Although you said nothing at all... you always did make the funniest noise...
Although you couldn't understand what I said... you still listened whenever I looked your way...

It hurts a little more than I expected.
It feels a little lonelier than I predicted.
It seems you mattered more than I anticipated.

You will be dearly missed... 

Sunday, November 1, 2009

Quantum Physics

Imagine a cat and a can of cat food in the palm of your hand.
When you close your palm, the environment is sealed and there are only 2 possible scenarios:
1. The cat eats the food and survives
2. The cat dosen't eat the food and dies
Quantum physics theory states: BOTH scenarios take place at the same time in your palm.
- A finite scenario only takes place when a finite outcome is chosen WHEN the observer decides to open your palm and see/decide what it is.
The observer gets to choose...

Thursday, October 29, 2009

Nothing Personal

This whole world is all about competition.

Even our very existence is borne of competition. (Survival of the fittest, Evolutionary theory, etc)
In the face of competition, how can there be goodness? If resources are scarce; and always remains scarce, how would one expect others to share, give, donate? Similarly, why would one help, assist, facilitate at the expense of themselves? Without moltives, seeking benefits to oneself, selfishness, how can there be kindness, friendliness, selflessness?
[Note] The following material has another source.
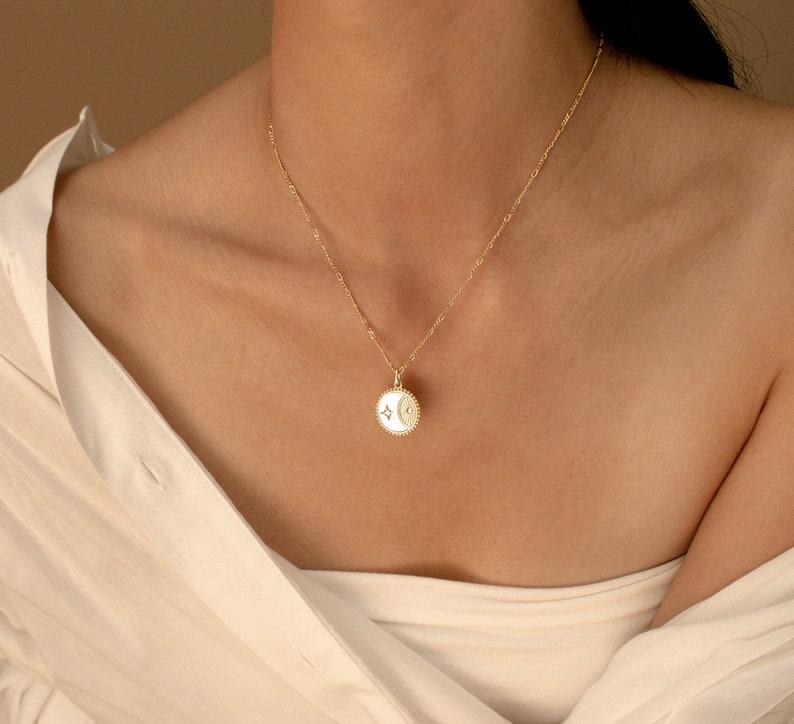 Celestial Mother of Pearl Necklace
If doing so defeats the purpose of competition, what other purpose would it serve if not to maintain something as crucial as 'survival'. How can there be any good in this world then? Even if we try and squeeze some pure goodness out, the essence of being human is still hard to be proven as good. Following evolutionary theory, all the good guys have already died. 

Even more complicated is the relationship between these 'good' and 'evil' traits. If they are opposites, aren't they all connected? So is good borne of evil? Or do we only compare good in the face of evil? This in itself holds so much to argue about; quite distinct from the initial paragraph.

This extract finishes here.